▶ [Exercise goal] An exact copy of the data is needed, but without any of its images.

▶ [Supplied information]
..........
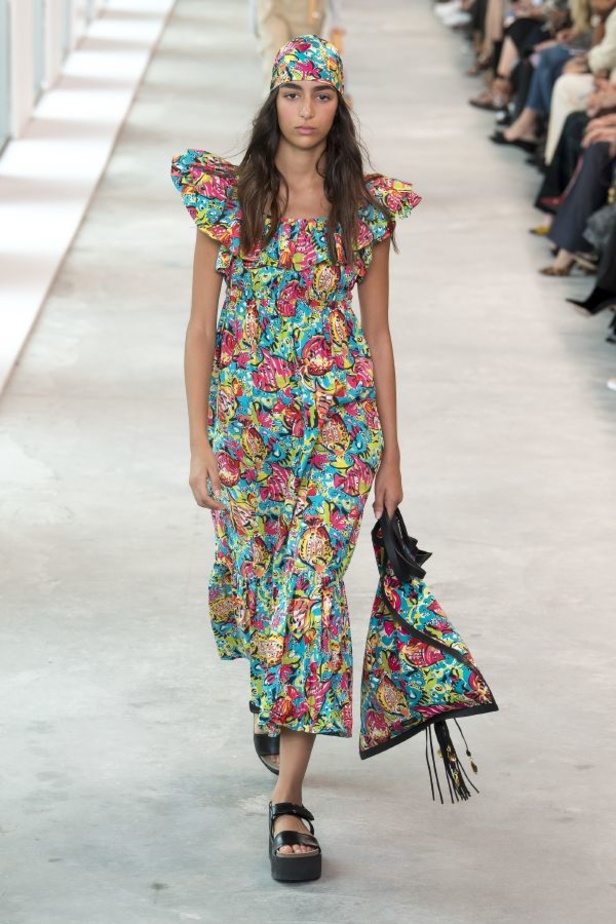 مجموعة مايكل كورس للألبسة الجاهزة لربيع 2019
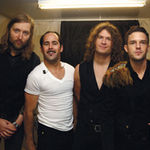 The Killers au lansat o noua piesa de Craciun, Cowboy's Christmas Ball (video)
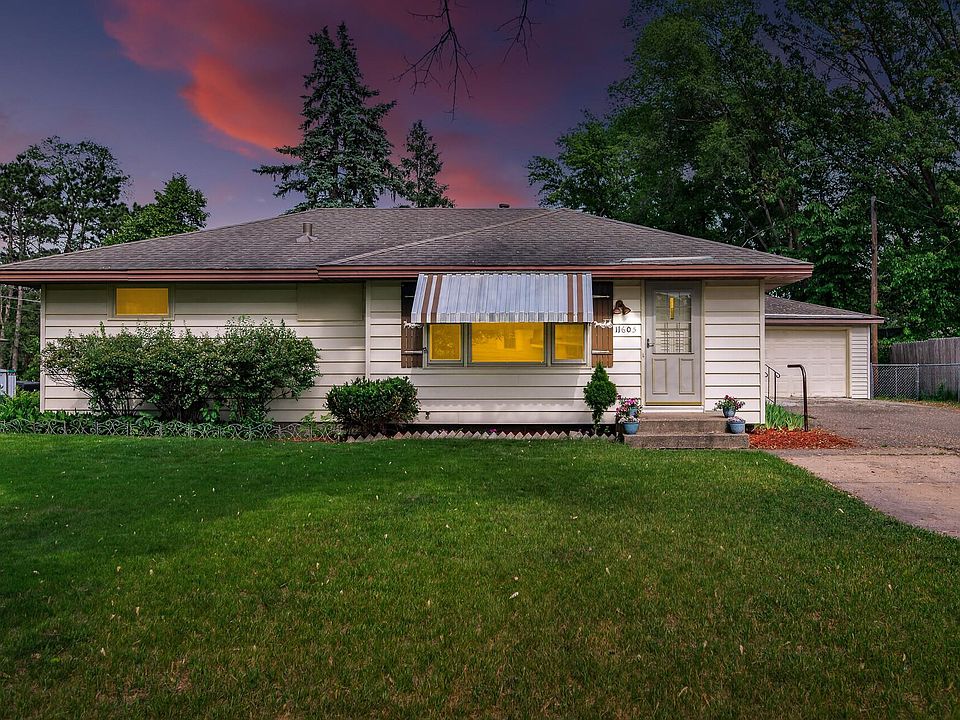 1st image of 11605 Gladiola St NW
..........
▶ [Reply]
 مجموعة مايكل كورس للألبسة الجاهزة لربيع 2019
 The Killers au lansat o noua piesa de Craciun, Cowboy's Christmas Ball (video)
 1st image of 11605 Gladiola St NW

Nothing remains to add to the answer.